[WHAT YOU SHOULD DO]
Once "Petite Off White" turns up in a line below, reproduce that line and those after it exactly, stopping after the line with "Lebendiges Sonnenblumenfeld"; leave pictures out.

(INPUT RECORDS Opens)

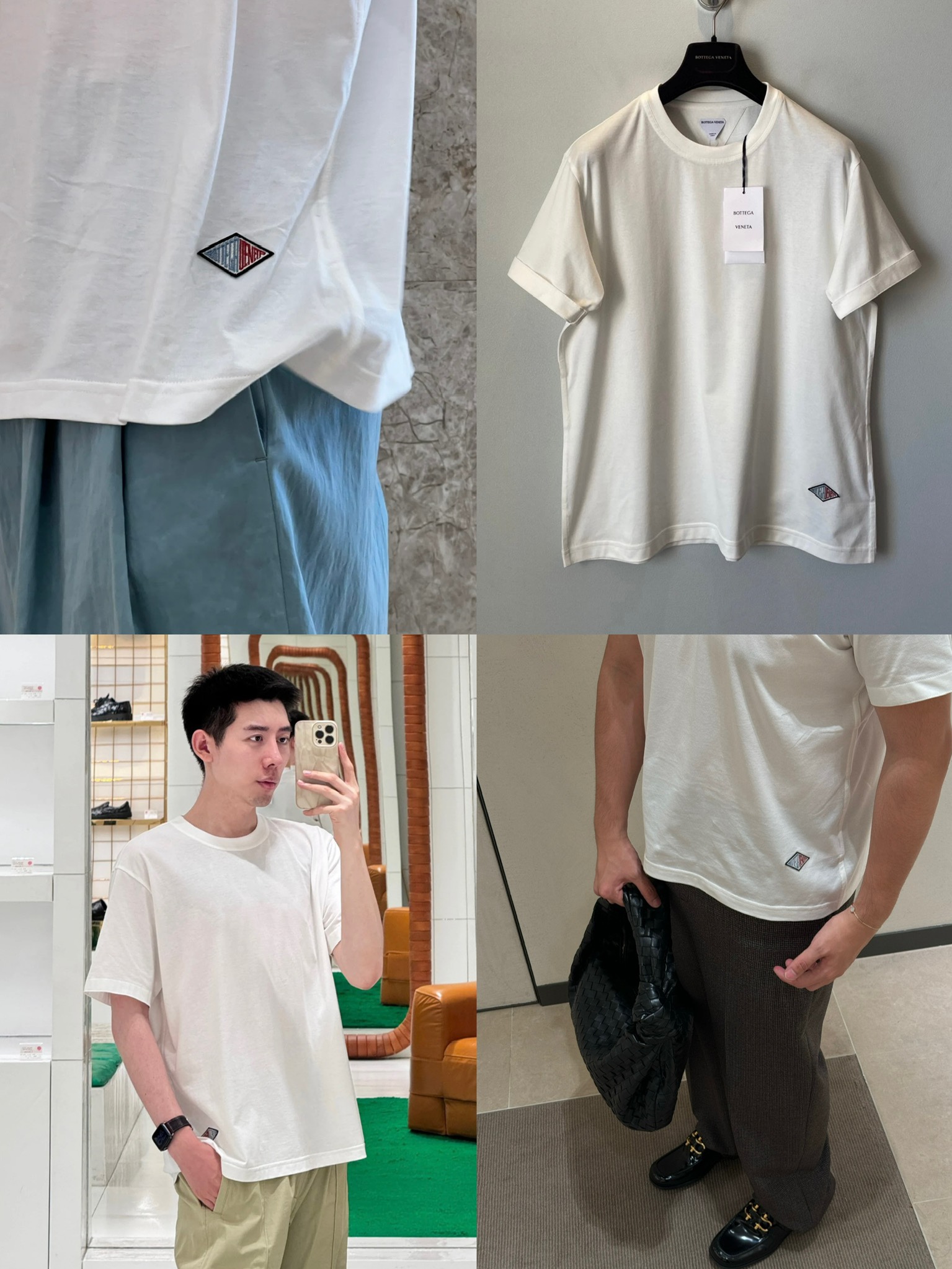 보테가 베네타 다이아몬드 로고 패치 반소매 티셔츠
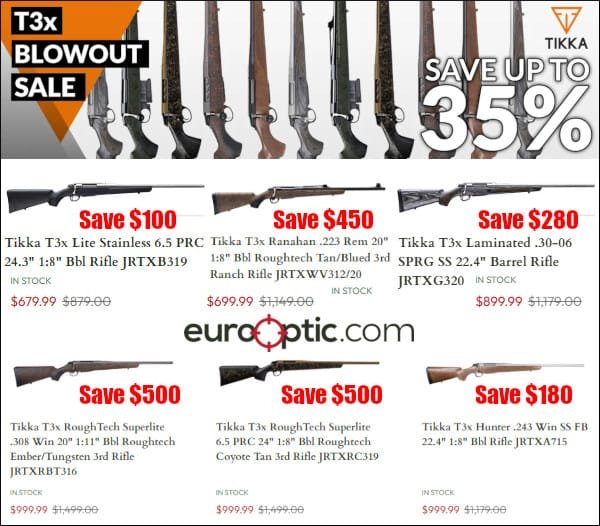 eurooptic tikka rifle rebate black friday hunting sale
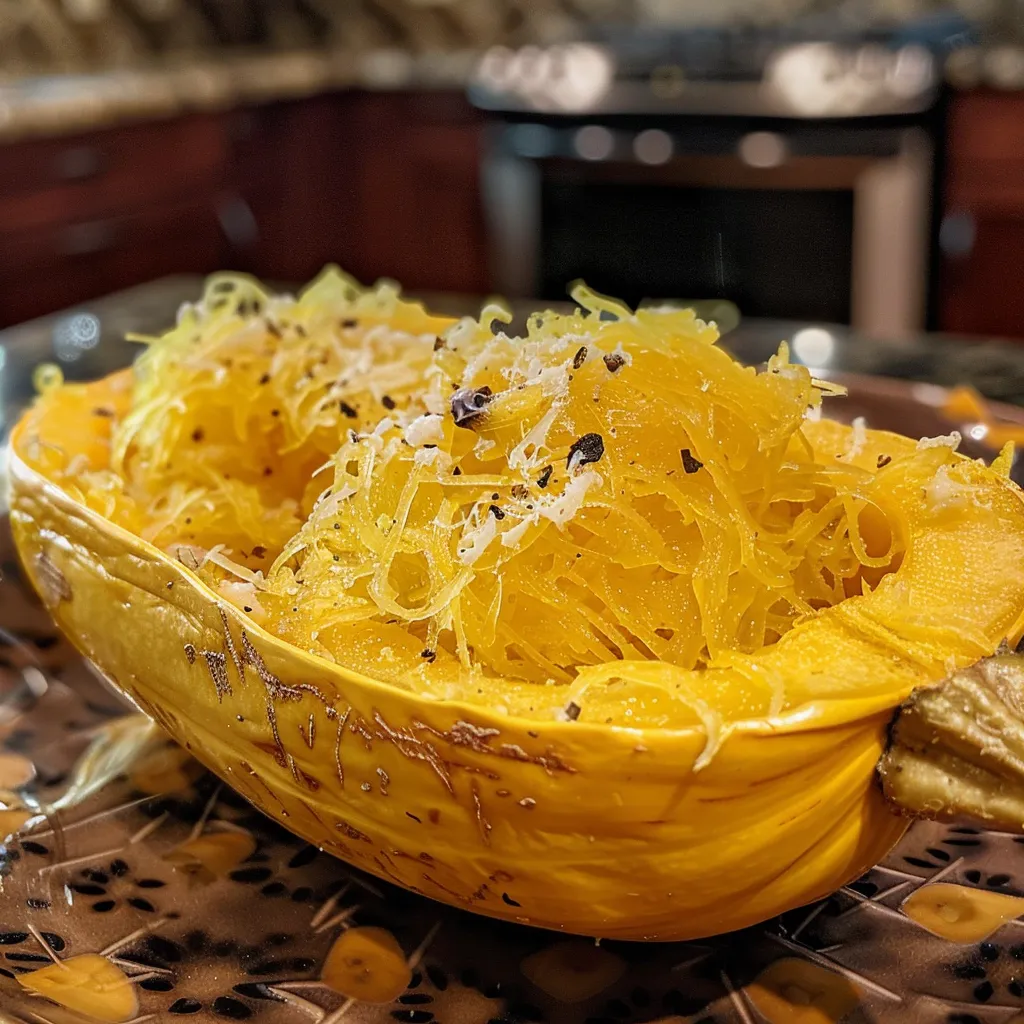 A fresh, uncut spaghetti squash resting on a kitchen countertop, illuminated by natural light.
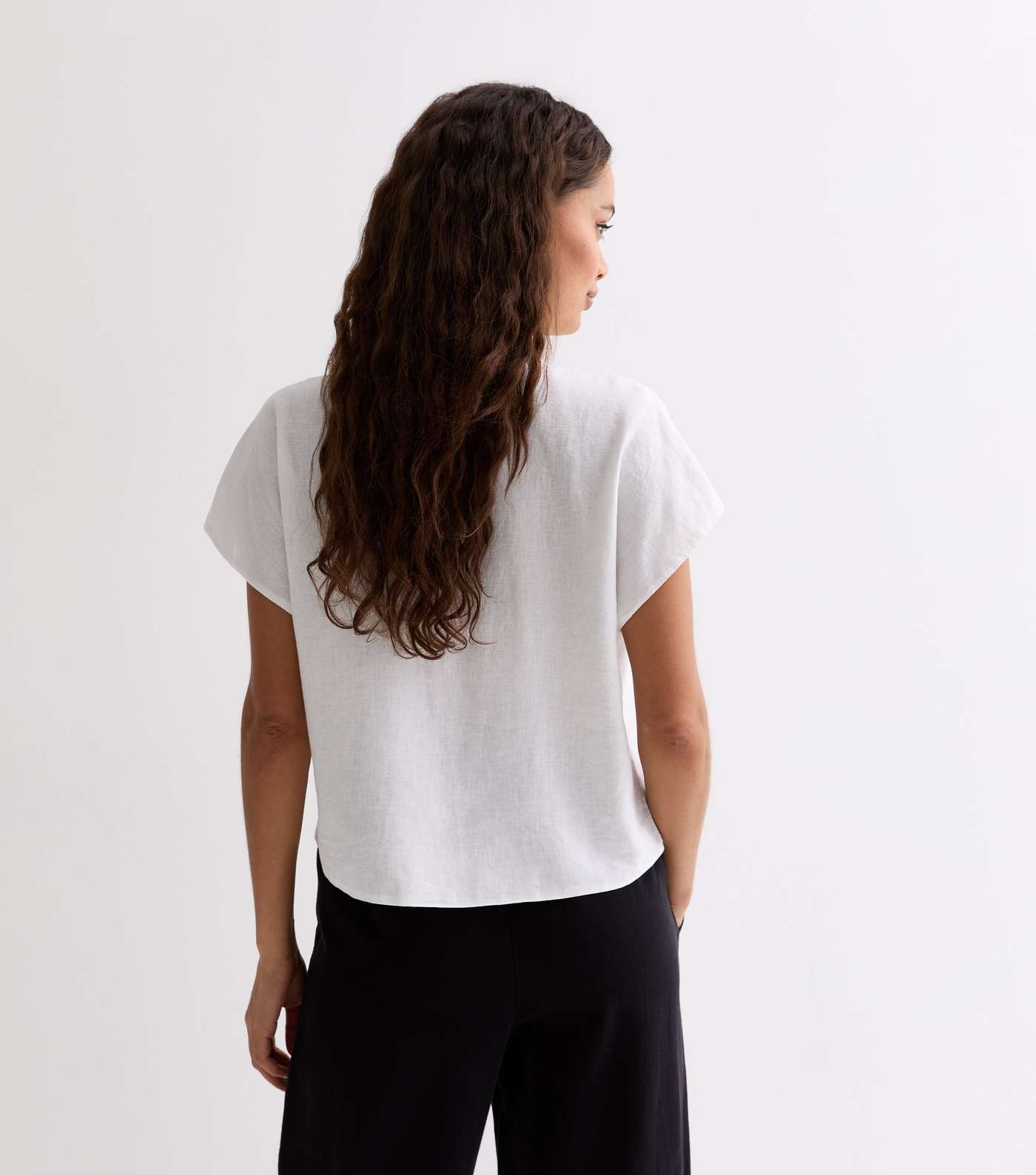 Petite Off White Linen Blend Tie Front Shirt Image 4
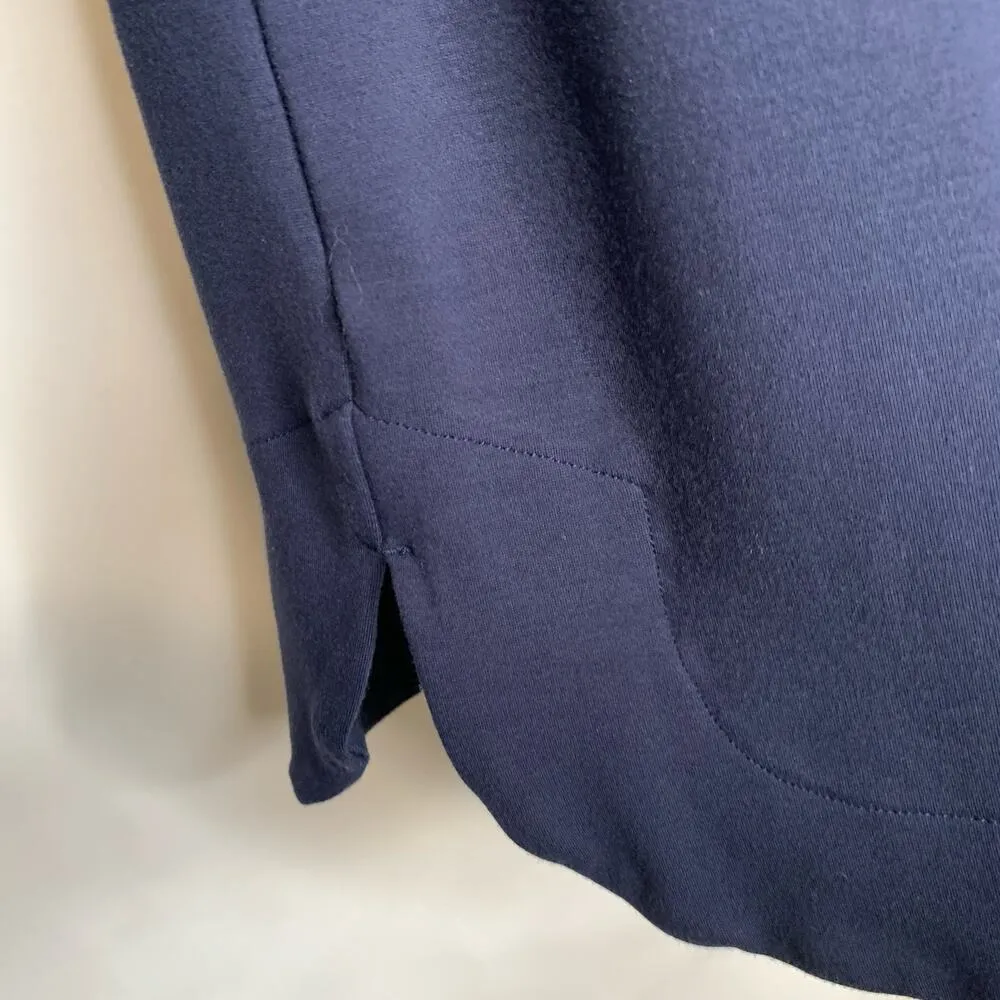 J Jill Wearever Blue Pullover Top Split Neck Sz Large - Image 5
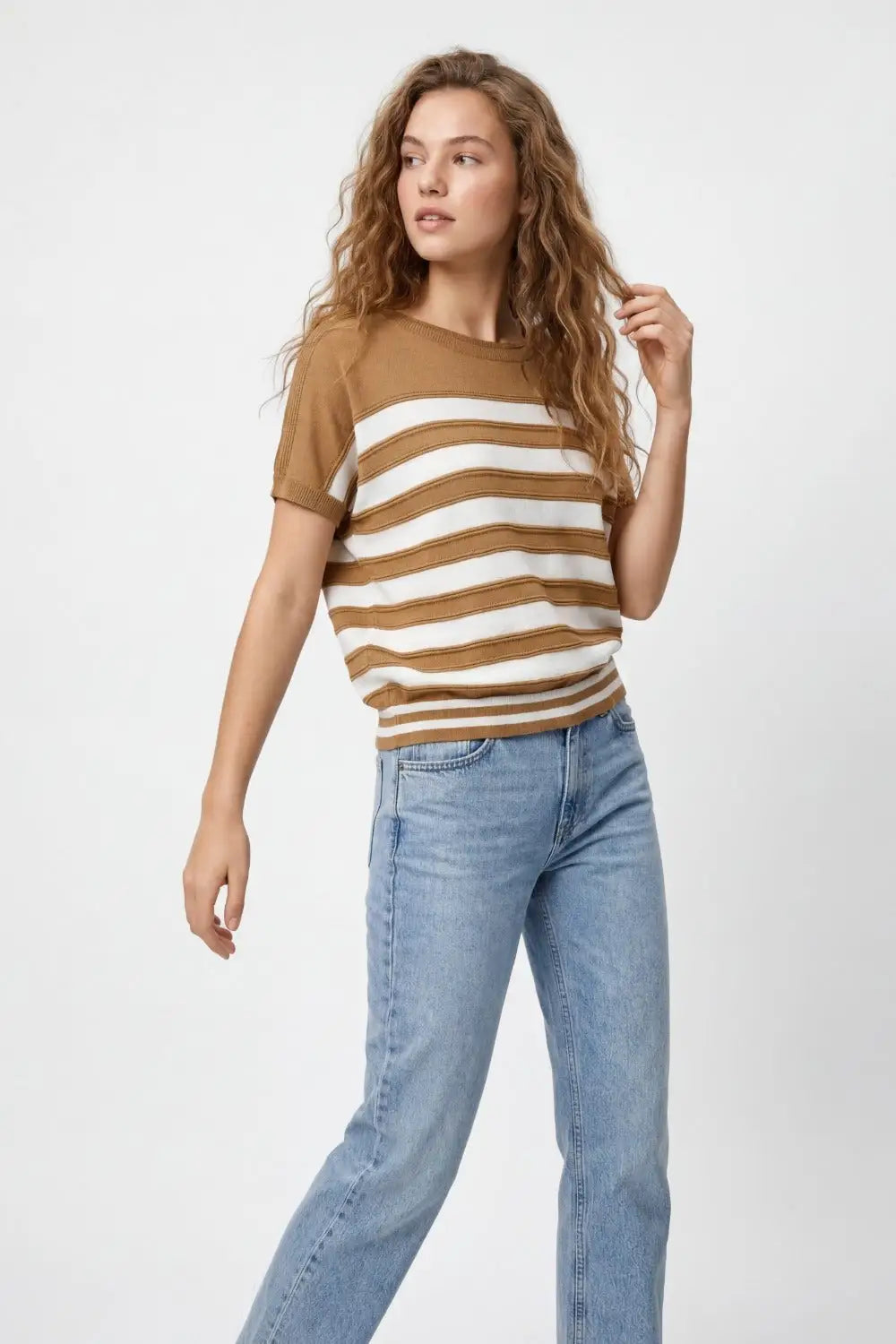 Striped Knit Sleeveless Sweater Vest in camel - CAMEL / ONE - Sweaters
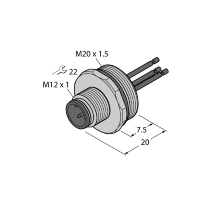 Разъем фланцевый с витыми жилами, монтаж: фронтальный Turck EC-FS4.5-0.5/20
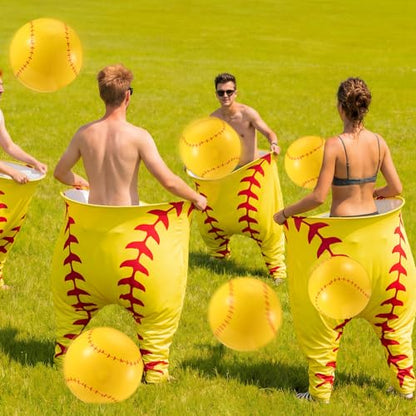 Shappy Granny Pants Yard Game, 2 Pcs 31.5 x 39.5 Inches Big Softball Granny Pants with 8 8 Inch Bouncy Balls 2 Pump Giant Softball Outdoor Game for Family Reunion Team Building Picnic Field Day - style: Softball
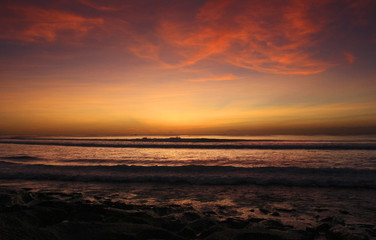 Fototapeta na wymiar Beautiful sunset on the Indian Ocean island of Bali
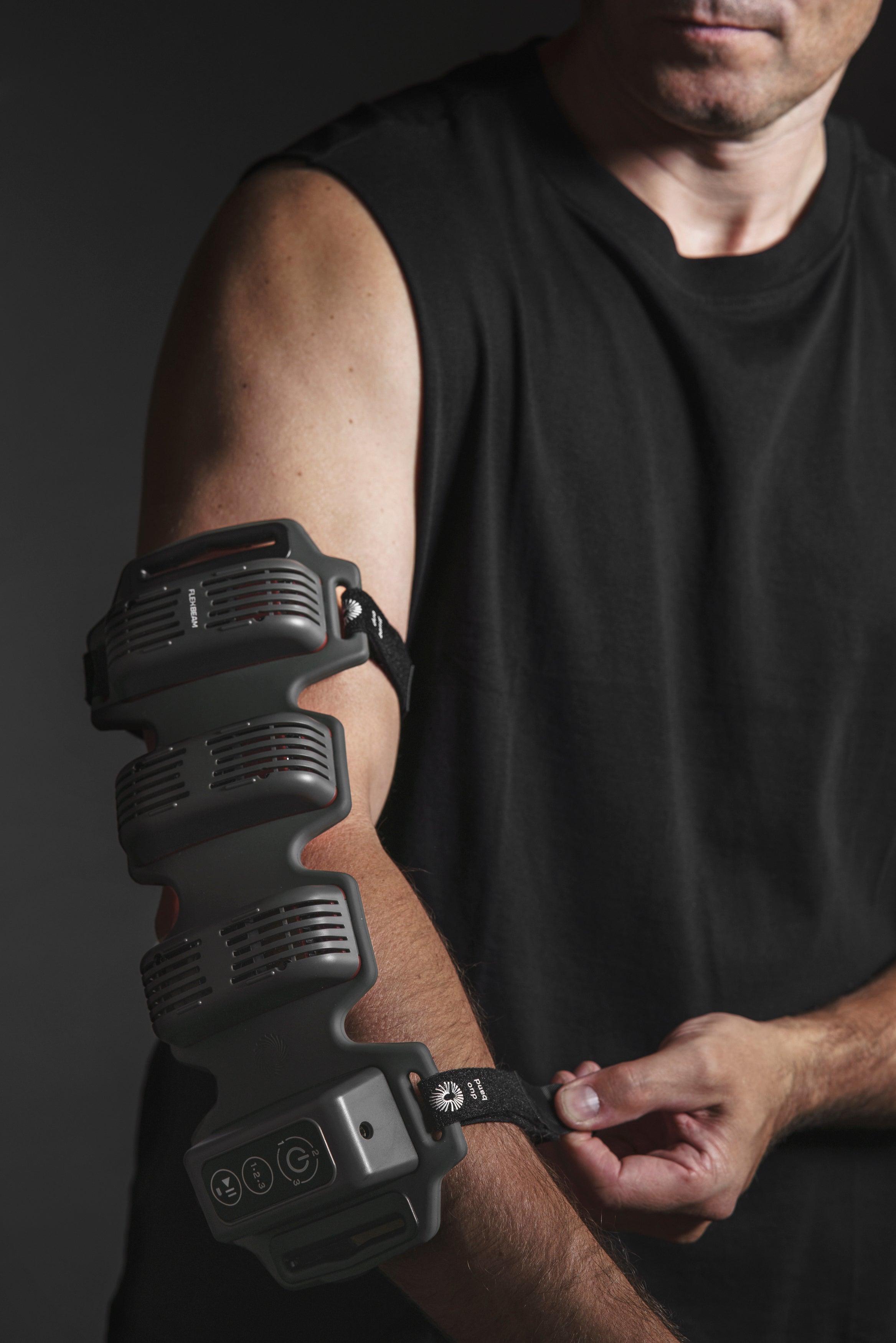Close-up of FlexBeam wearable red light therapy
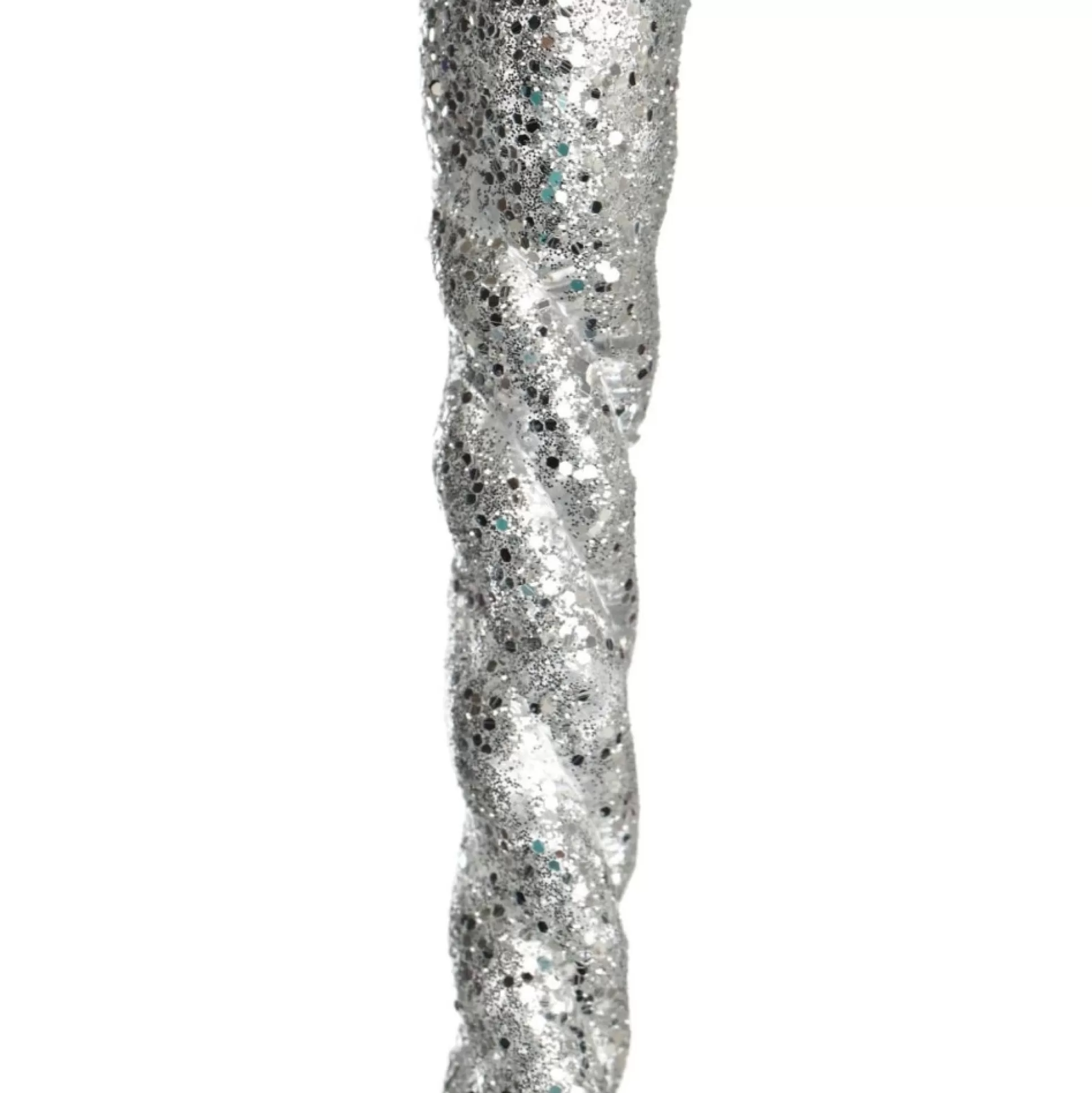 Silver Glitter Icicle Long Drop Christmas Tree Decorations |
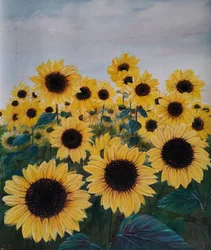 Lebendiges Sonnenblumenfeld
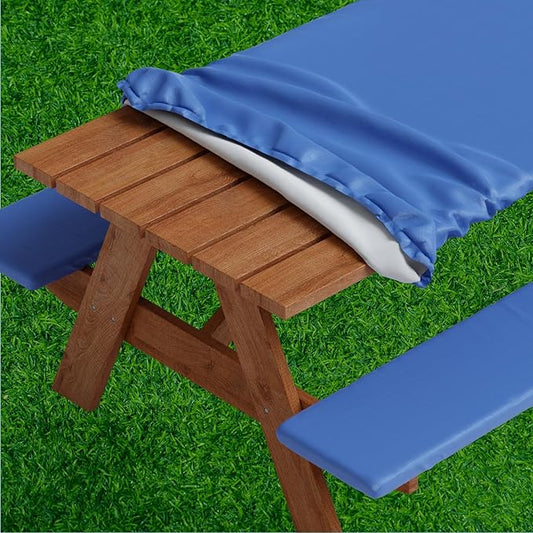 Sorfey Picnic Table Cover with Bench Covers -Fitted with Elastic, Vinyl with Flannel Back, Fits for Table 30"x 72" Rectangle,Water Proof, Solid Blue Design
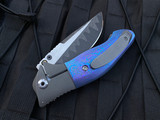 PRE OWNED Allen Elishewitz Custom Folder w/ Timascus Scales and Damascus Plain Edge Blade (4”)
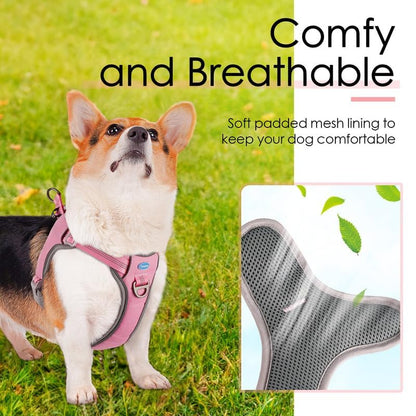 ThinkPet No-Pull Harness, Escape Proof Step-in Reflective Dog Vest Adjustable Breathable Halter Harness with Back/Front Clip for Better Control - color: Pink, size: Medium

(INPUT RECORDS Closes)

[TASK RESPONSE]
 Petite Off White Linen Blend Tie Front Shirt Image 4
 J Jill Wearever Blue Pullover Top Split Neck Sz Large - Image 5
 Striped Knit Sleeveless Sweater Vest in camel - CAMEL / ONE - Sweaters
 Разъем фланцевый с витыми жилами, монтаж: фронтальный Turck EC-FS4.5-0.5/20
 Shappy Granny Pants Yard Game, 2 Pcs 31.5 x 39.5 Inches Big Softball Granny Pants with 8 8 Inch Bouncy Balls 2 Pump Giant Softball Outdoor Game for Family Reunion Team Building Picnic Field Day - style: Softball
 Fototapeta na wymiar Beautiful sunset on the Indian Ocean island of Bali
Close-up of FlexBeam wearable red light therapy
 Silver Glitter Icicle Long Drop Christmas Tree Decorations |
 Lebendiges Sonnenblumenfeld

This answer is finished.